In my experience, onsite food (free or cheap) is often 30 to 45 minutes.
Offsite food starts at 45 minutes and can be occasionally up to two hours and
this is mostly out of your control.

I imagine this is pretty dependent on the exact area you work in though.

------
lmilcin
I don't work at Google, but I think their productivity comes from not wasting
time. I had some interactions over the years so here is what I have noticed
(might not be true, might not be all, might depend on the teams I interacted
with).

There seems to be a lot of effort to remove day to day time wasters in small
things.

Then, if you think about it, having subpar teammates is also a waste of time.
They are not only wasting their own time but also everybody elses. So making
sure you don't let people with IQ less than certain threshold is also
important for everybodys productivity.

Solving a problem once is extremely important.
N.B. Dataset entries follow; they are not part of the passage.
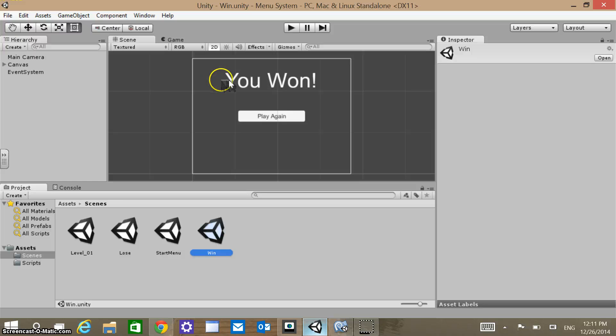And so you won. Same kind of thing — I don't have a Level Manager here.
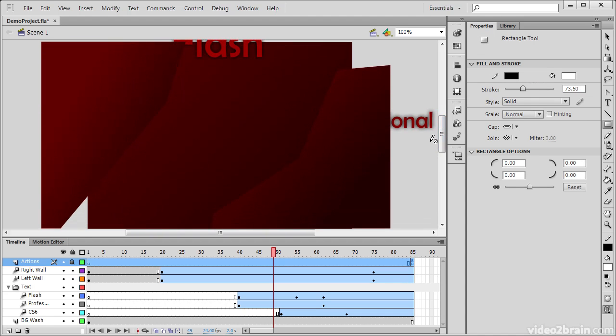This has been an example of both the stage and the work area within Flash Professional CS6.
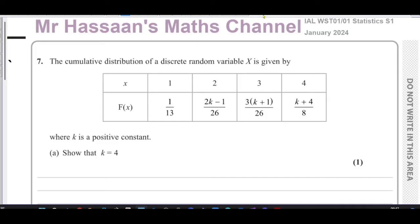This is Mr. Hassan's Maths Channel, and I'm now answering question number seven from the Edexcel International A-Level Statistics S1 paper from January 2024. This question is about discrete random variables, and we're given the cumulative distribution of a discrete random variable in terms of k, where k is a positive constant.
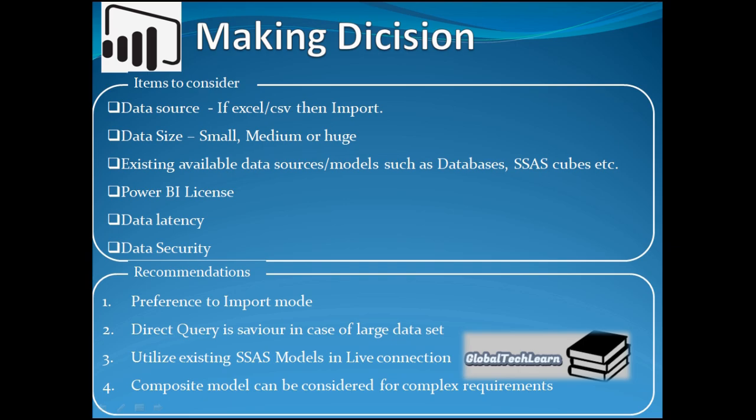Now let's see which points to consider when selecting a connection type. If data is in file types like CSV or Excel, the only available connection mode is import mode. When dealing with databases, the connection mode depends on the volume of data. For small or medium-sized data, use import mode. But if data size is huge, real-time data is required, or data security concerns prevent data from leaving the organization's premises or going to the cloud, use direct query. Import mode is always recommended as the preferred choice since it gives better performance and all transformation and Power BI options are available. For SSAS cubes, use live connection as there is no need to recreate the data model. In complex cases, consider a composite or dual model, loading certain objects with import mode and others with direct query as required.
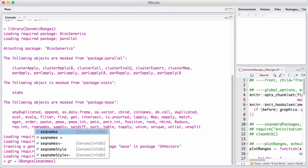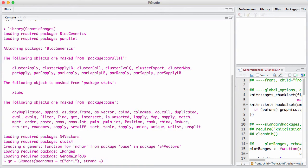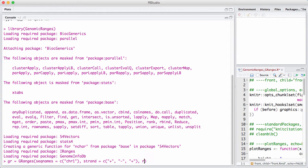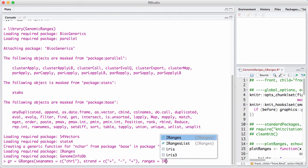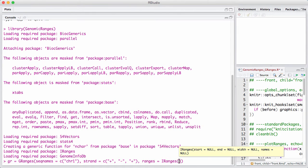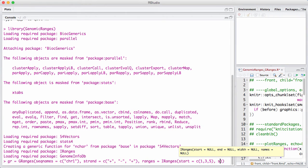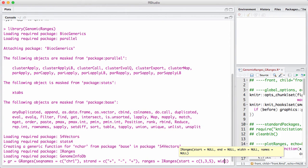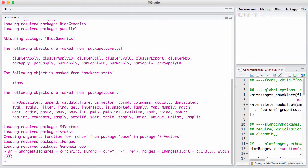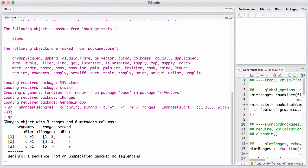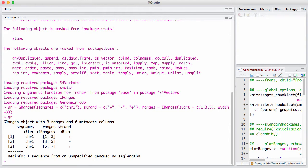Chromosomes in GRanges are called seed names. Let's say we have a strand: plus, minus, plus. And then the ranges, we say IRanges. Start using. Let's see. So it prints, and we can see we have three ranges here on two different strands and on a single chromosome.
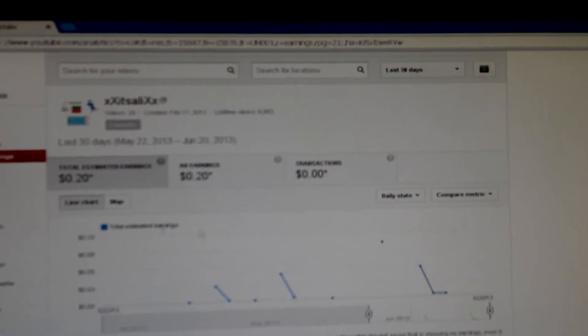If you guys can't see, I made 20 cents, guys. We're at the 20 cent mark. Yes!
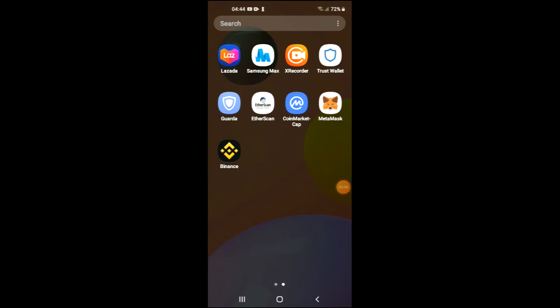Hello, welcome to Simple Answers. I'm your host Jason, and in this video I'm going to show you how to buy Elephant Money crypto token in Trust Wallet and PancakeSwap. First, you're going to need to download the Trust Wallet app.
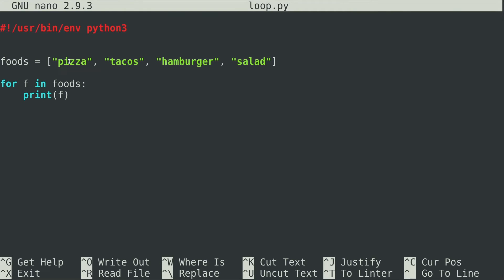In previous videos I've mentioned that you should never repeat yourself. We could execute a print statement for the first item, second item, third item and get the exact same output, but we don't want to repeat ourselves. We don't want to write code over and over again, so we don't want to write four print statements. The for loop allows us to do it with just one single print statement executed for each item in the list.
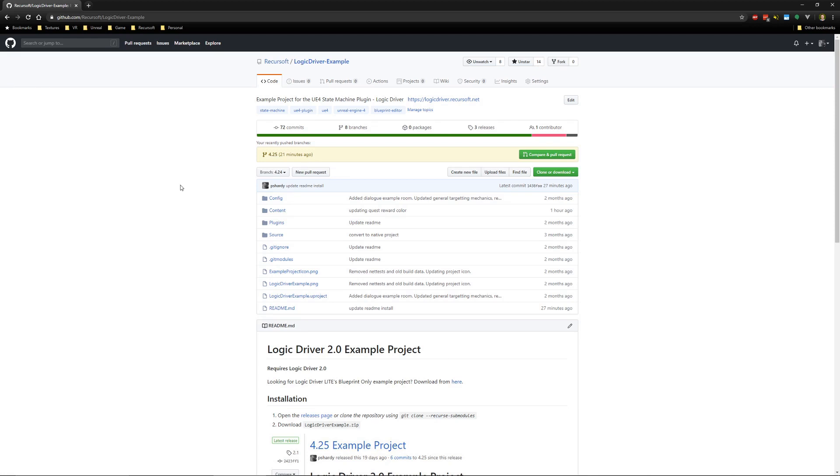This tutorial will cover downloading and installing the Logic Driver Example project, as well as a brief walkthrough of several of the examples within it. To start, we need to go to the Logic Driver Example GitHub page. There is a link in the description.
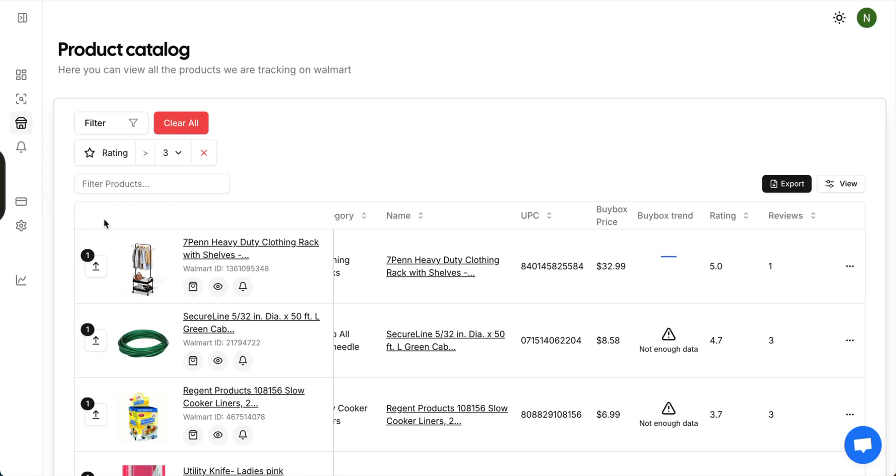The last two sections are billing and settings. That's the complete tour of the Pricelink suite system. Currently, we are in the soft demo phase and there are a lot more features to come. Thanks for watching, and I'll see you in the next one.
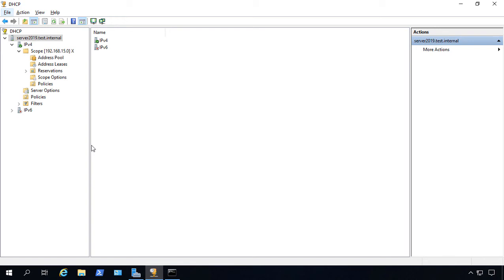We're in Windows Server 2019 DHCP, and I'm going to show you how to move a DHCP server from one server to another.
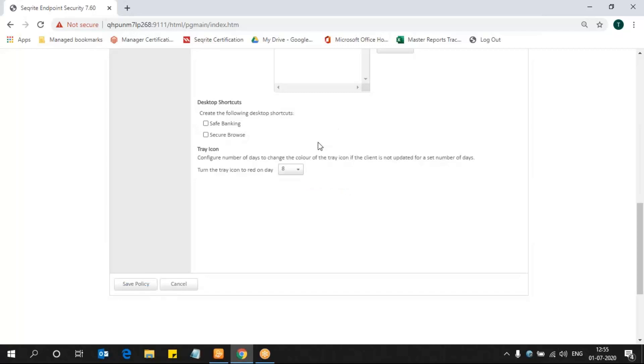I believe this is really useful for all of you who watch this video. Please see this feature and configure it, and ensure that no sensitive data of your organization is moving out without your knowledge. Thank you for watching this video.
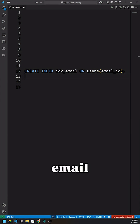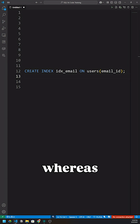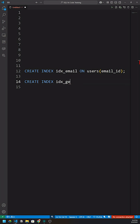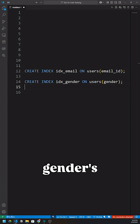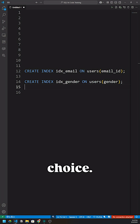An index on the email_id column is a good choice, whereas an index on the gender column is not a good choice.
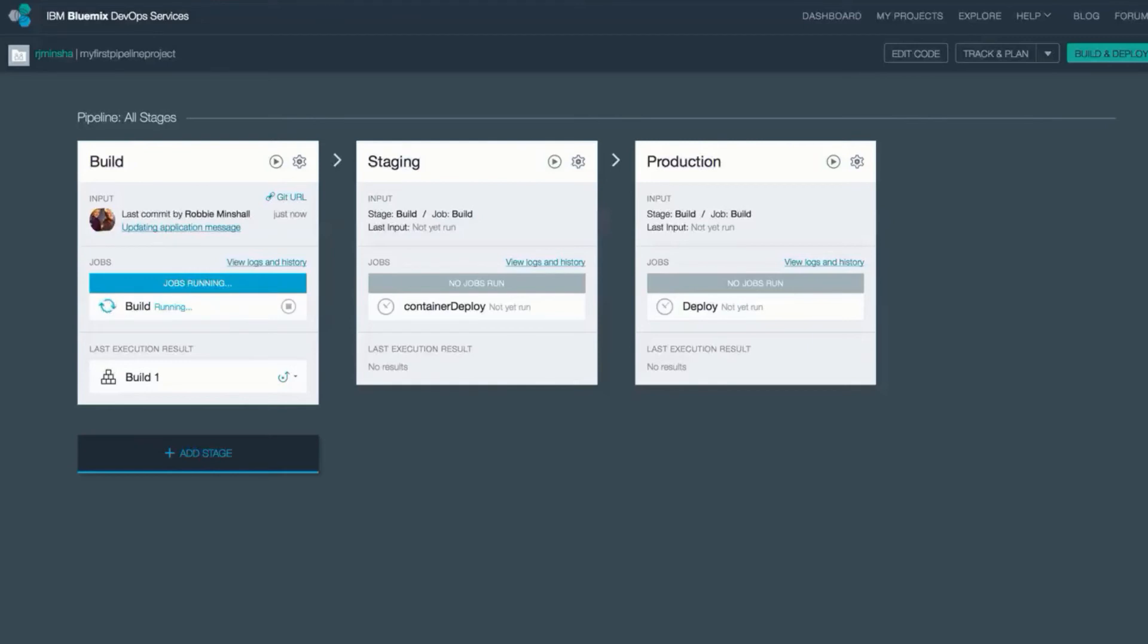And here we can see the build stage is running. The result of this build stage is going to be a new image tagged with the build ID. In this case, build one.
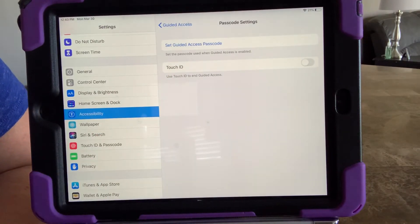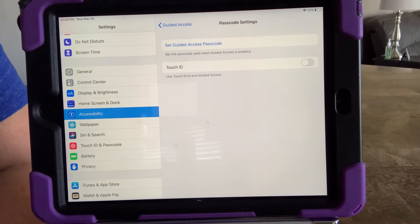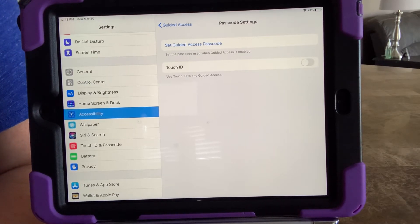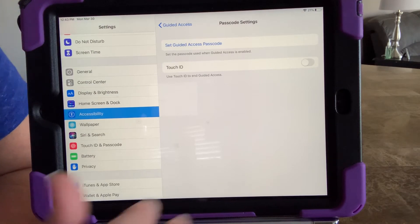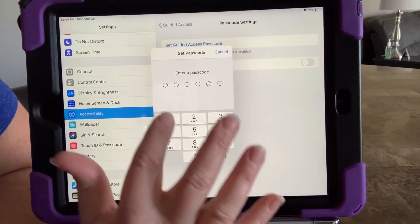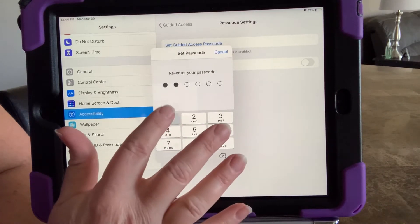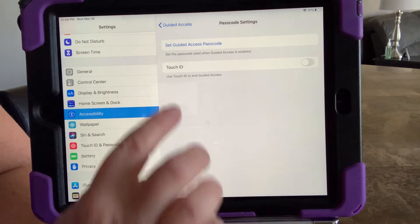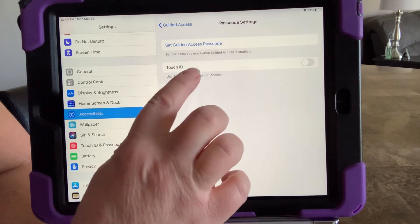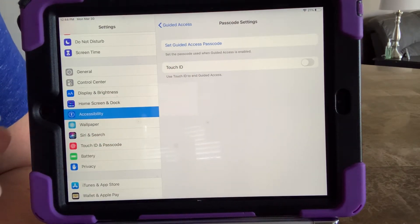If this is a device that's going between home and school or various places, and someone is going to need access to editing or maybe needs to get out of the app for certain things, we want to go ahead and set up a passcode rather than a Touch ID. Touch ID limits it to who can go in and change things, so I'm going to put in all ones and have that set.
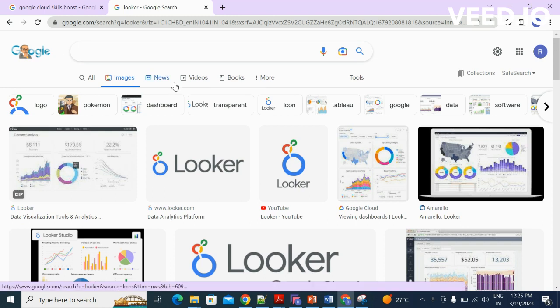Hello guys, welcome to Looker beginner series. Myself is Raji Prabha. In today's class I will be discussing about how to install Looker and how to practice Looker on yourself in your machines.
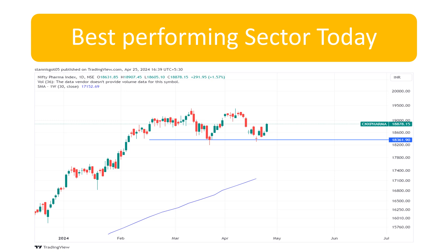The best performing sector today was the pharma sector, which was up almost 1.5 percent. Decent accumulation happened in pharma, along with an almost double-bottom structure on the technical side. So with good data, it bottomed out and is trying to move up. The next best performing was the healthcare segment — hospitals, diagnostics, and pharma stocks — so these were the best performing sectors for today.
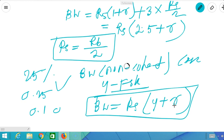I hope you have understood the concepts behind the bandwidth calculation of digital carrier communications. Thanks for watching this video.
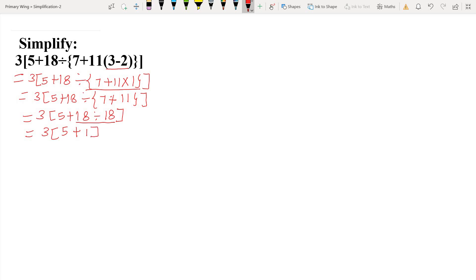Now we solve the square bracket: 3 [ 5 + 18 ÷ 18 ]. Inside, we have addition and division, so we first do division: 18 ÷ 18 = 1. Then we add: 5 + 1 = 6. Finally, we multiply: 3 × 6 = 18. The answer is 18.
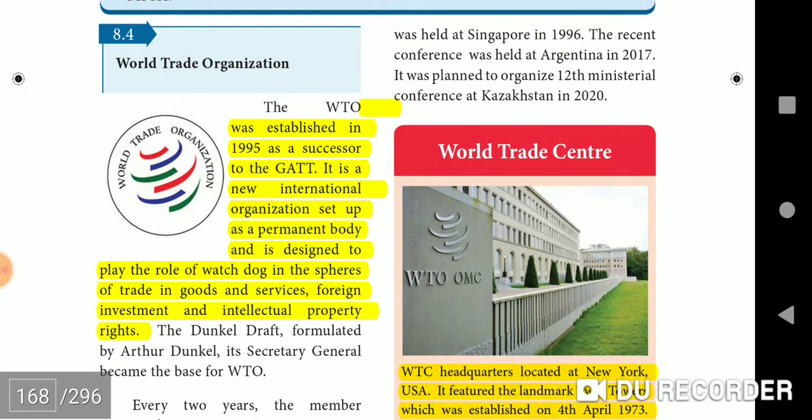The WTO was established in 1995 as a successor of GATT. It is a permanent international organization designed to play the role of watchdog in the spheres of trade in goods and services, foreign investment, and intellectual property rights.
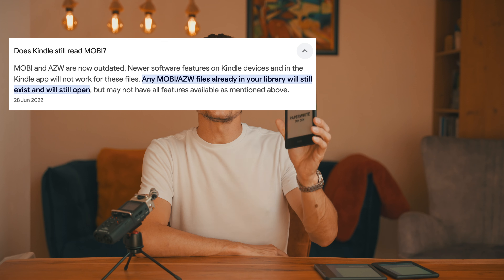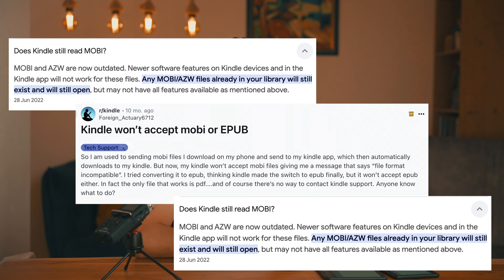If you're a Kindle user, you may have come across a lot of conflicting information about which formats work on Kindle, especially when it comes to Mobi and EPUB files. I've seen questions popping up on forums and people sharing either misinformation or different advice, so I wanted to test it out for myself and give you a clear answer. In this video, I will show you exactly which formats work on Kindle in 2024, whether you're sideloading files or using Amazon's Send to Kindle feature.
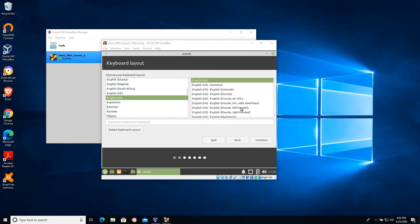I'll try to pause this if I sense a delay. Again our keyboard layout English US standard options here.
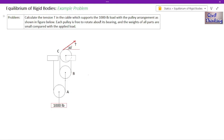Calculate the tension T in the cable which supports the 1,000 pound load with the pulley arrangement as shown in the figure. We have three pulleys: pulley C, pulley B, and pulley A. Each pulley is free to rotate about its bearing. The weight of all parts is small compared to the applied load of 1,000 pounds, so the weight of the cables and pulleys are neglected. We have to find the tension T in this cable, which is inclined at an angle of 30 degrees.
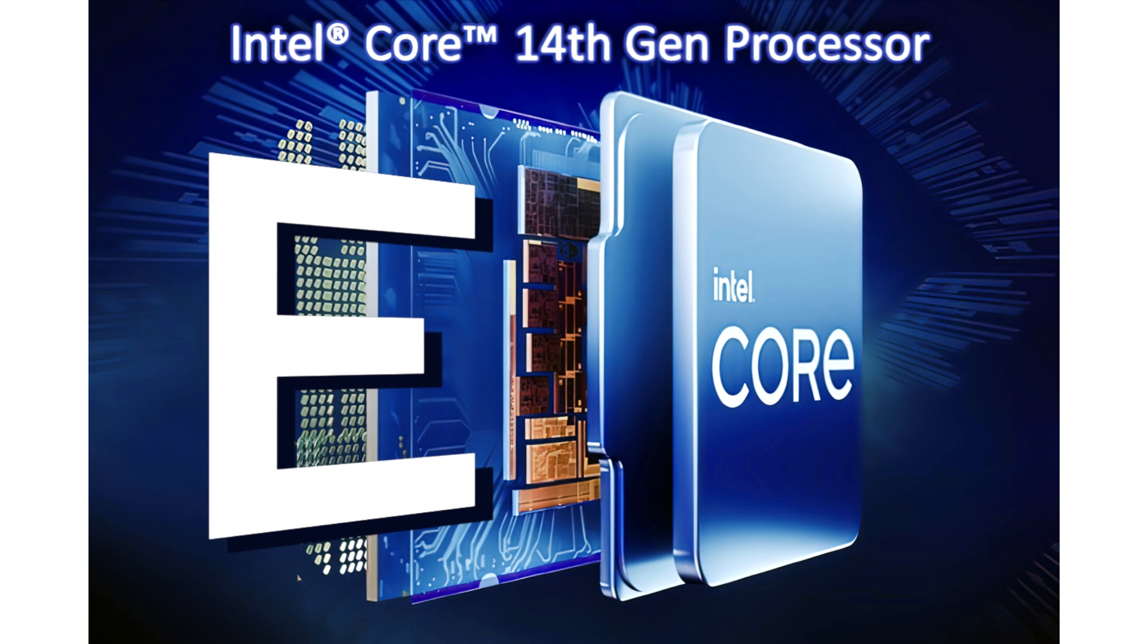The CPUs range from 6 p-cores to 8 p-cores and feature up to 36 MB of L3 cache and up to 5.8 GHz clocks. The lineup also includes a K-unlocked SKU with a TDP rated at 125 watts.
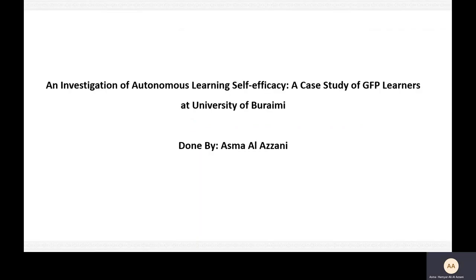Hi everyone, this is Asma Lazani and I'm going to present my research performed in the academic year 2021-2022. The title of my research is 'An Investigation of Autonomous Learning Self-Efficacy: A Case Study of GFP Learners at University of Brainy.'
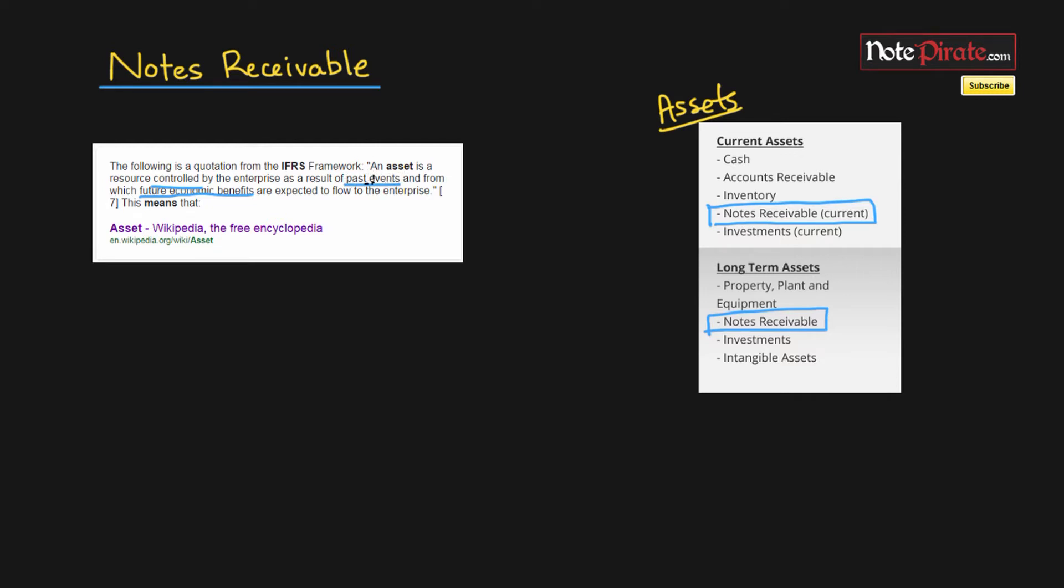Finally, notes receivable is an asset because there is a future economic benefit in that we're going to receive the cash that we've lent back at the end of the term and we're also going to receive interest income. So it does meet all the criteria of an asset.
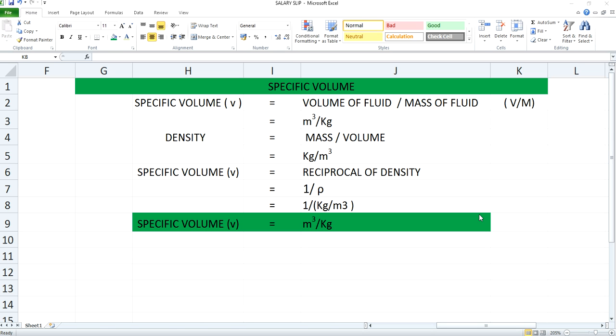You will get it as meter cube per kg. This is the standard unit described for specifying specific volume and this is how you calculate specific volume. If you know the density and take the reciprocal of the same, then you will get the specific volume.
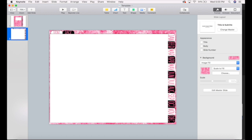Hey everyone! So in today's lesson, I'm going to be teaching you how to create tabs in your digital planner. And here's a little preview of what that looks like.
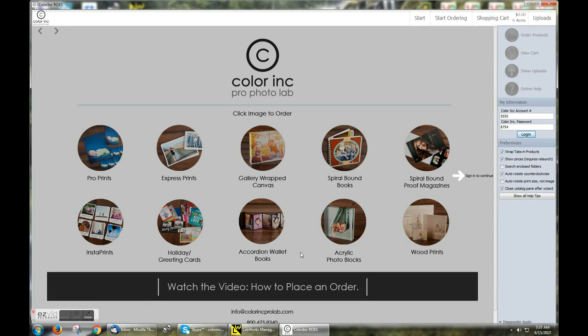Hello, this is Eric over at Color Ink, and today I'll be showcasing how to place an order through the Color Ink Grows ordering platform.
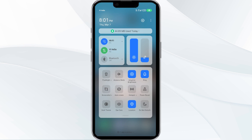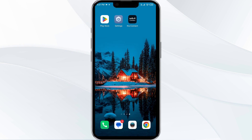Alternatively, activate Airplane mode for 4 to 5 seconds and then turn it off. After that, check if the issue resolves. The third solution is to update the Kia Connect app to the latest version.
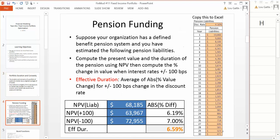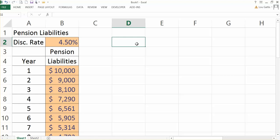So let's start with an example of a pension fund. Say you have estimated that you have pension liabilities of the following: a year from now I expect to spend $10,000, two years from now it's $9,000, down to 30 years from now, $471. So these are my liabilities. And for the pension to be fully funded, we'll need to have assets set aside equal to the value of these pension liabilities. Let's assume the discount rate is 4.5% and calculate the value of these pension liabilities.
Instead of reinventing
infrastructure for each and every project at the company as many companies do
(mine, one of the largest banks in the world, in my team there are still
people who are devoted to maintaining a handful of servers running Windows --
including completely custom everything from project structure, to build, to
configuration mechanisms, everything reinvented for the project). Solving a
problem once also means you can focus on a single problem because you are
solving this problem for an entire company.

If you do Agile right you get to the part at the core of the process where you
mercilessly optimize your process. I think most companies talk about Agile
where Google is one of the very few that actually do it.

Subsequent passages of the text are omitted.